What this task involves
Your copy starts at the line containing "Monk and writer" and ends at the last line of the material below. Reproduce those lines exactly, with no pictures.
*** Opening of Provided data ***
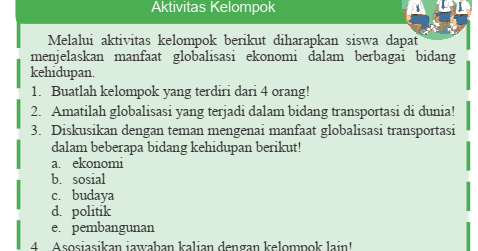 Mengerjakan Pr Globalisasi Bidang Transportasi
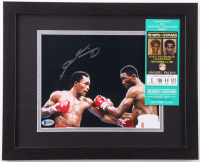 Sugar Ray Signed Custom Framed Photo Display with Caesars Palace Ticket (Beckett) at PristineAuction.com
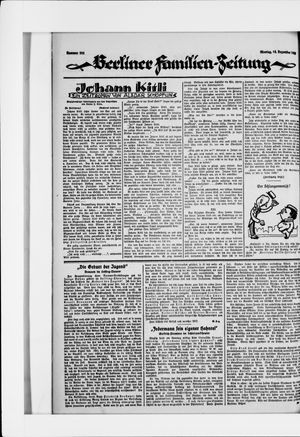 Berliner Volkszeitung vom 14.12.1925
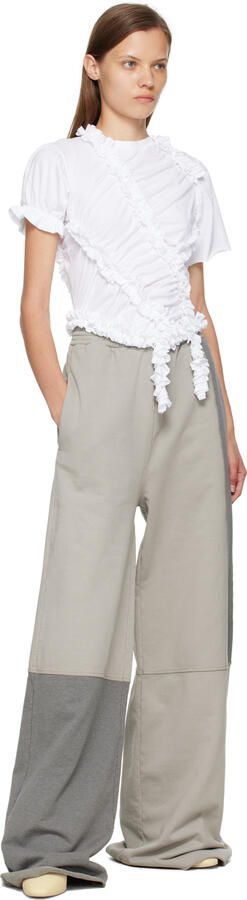 MM6 Maison Margiela Off-White 6-Stamp Boots - Picture 4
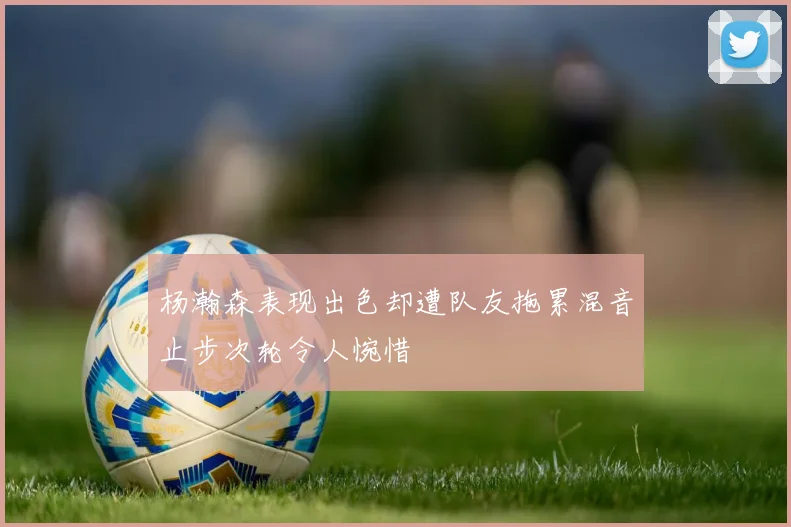 杨瀚森表现出色却遭队友拖累混音止步次轮令人惋惜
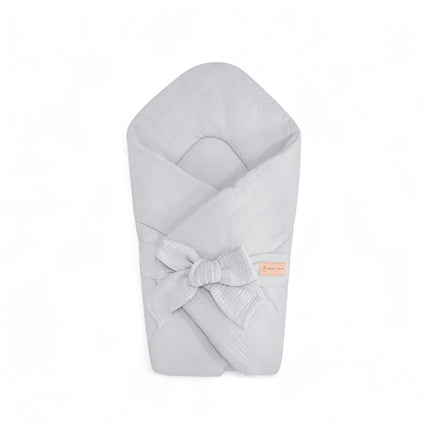 Babyhörnchen Musselin mit Schleife – Kuschelige Puckdecke & Einschlagdecke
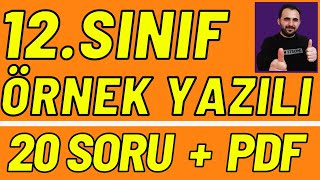 12sınıf matematik 1dönem 1yazılı 20 SORULUK YAZILI  2024 12sınıf matematik yazılı logaritma pdf [upl. by Eynobe605]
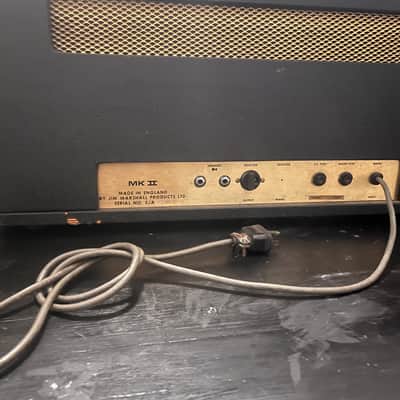 Marshall JMP 1987 MK II 2-Channel 50-Watt Guitar Amp Head 1975 - 1981 - Black image 8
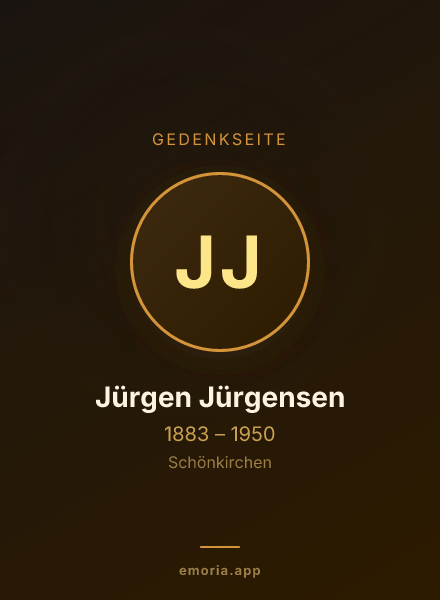Gedenkportrait von Jürgen Jürgensen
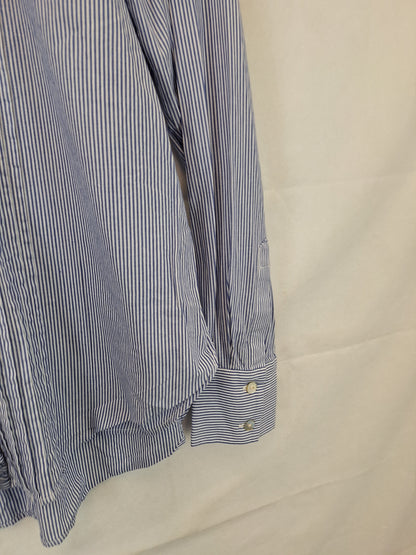 Witchery Striped Frill Work Shirt Size 10 by SwapUp-Online Second Hand Store-Online Thrift Store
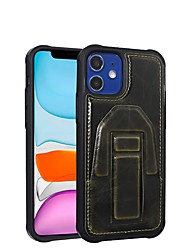 cheap -Phone Case For Apple Classic Series iPhone 13 Pro Max 12 11 SE 2022 X XR XS Max 8 7 Bumper Frame Card Holder with Stand Solid Colored PU Leather TPU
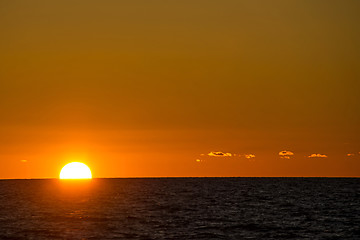 Image showing sunset over the Baltic Sea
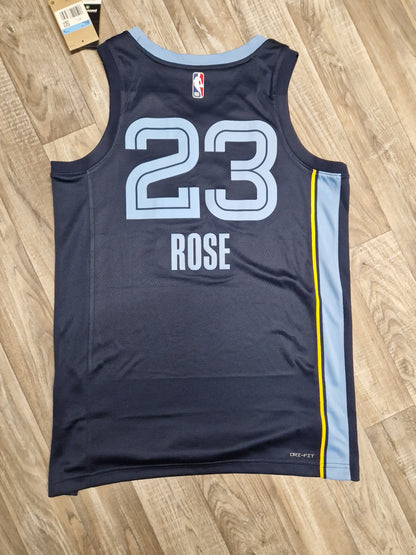 Derrick Rose Memphis Grizzlies Jersey Size Medium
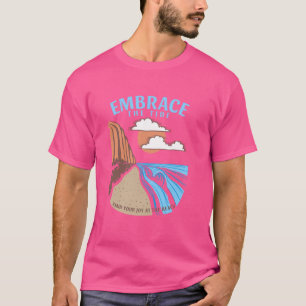 Embrace the Tide Find Your Joy Beach Sunset T-Shirt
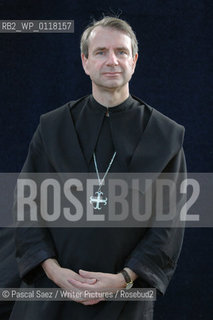 Monk and writer Father Christopher Jamison at the Edinburgh International Book Festival...Copyright©Pascal Saez/Writer Pictures/Rosebud2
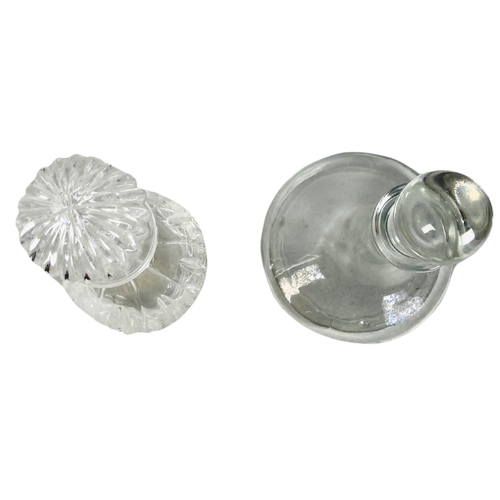 65 - Two Glass Decanters, one a ships decanter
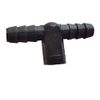 T Piece 8mm - Black (Pack of 10)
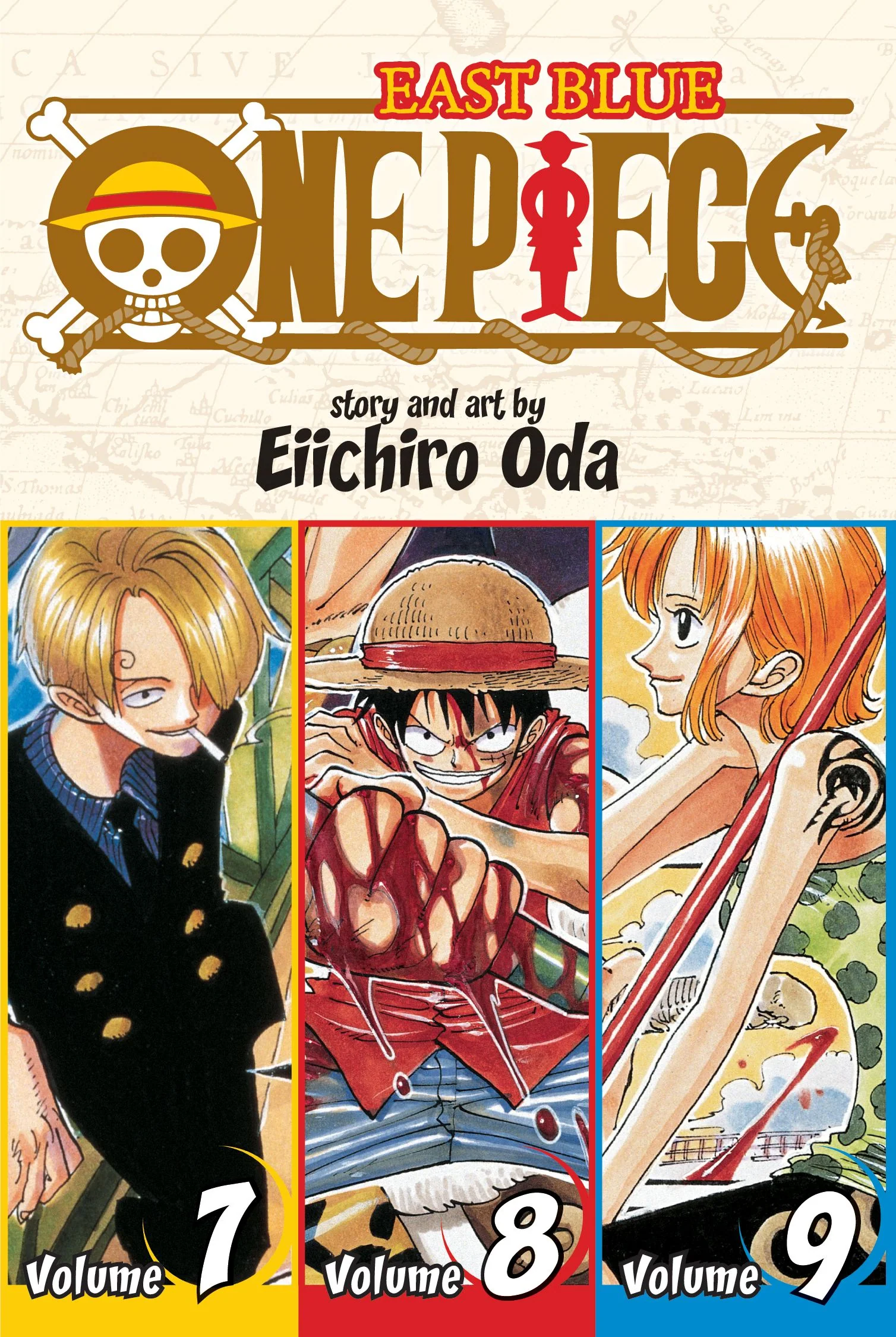 One Piece Three Volumes In One Manga - Volume 7-8-9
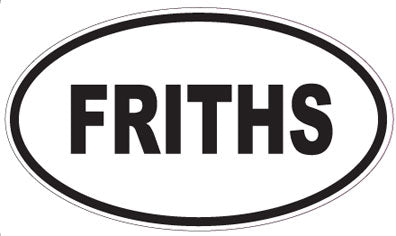 FRITHS - Oval Sticker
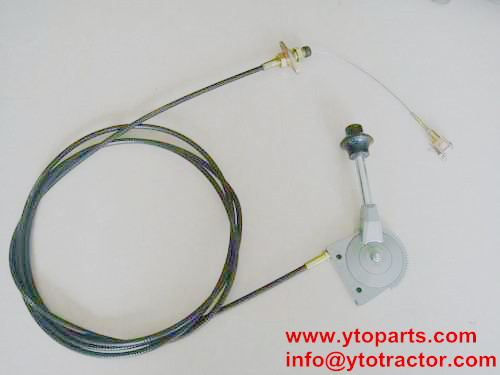 Hand throttle wire for YTO road roller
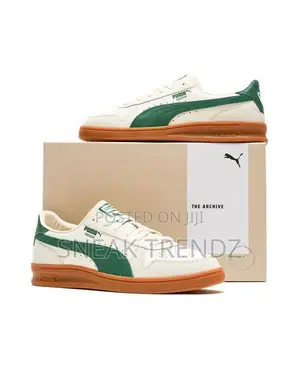 Classic Puma Green White and Brown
*** Close of Provided data ***
Solution for this exercise
 Monk and writer Father Christopher Jamison at the Edinburgh International Book Festival...Copyright©Pascal Saez/Writer Pictures/Rosebud2
 65 - Two Glass Decanters, one a ships decanter
 T Piece 8mm - Black (Pack of 10)
 One Piece Three Volumes In One Manga - Volume 7-8-9
 FRITHS - Oval Sticker
 Hand throttle wire for YTO road roller
 Classic Puma Green White and Brown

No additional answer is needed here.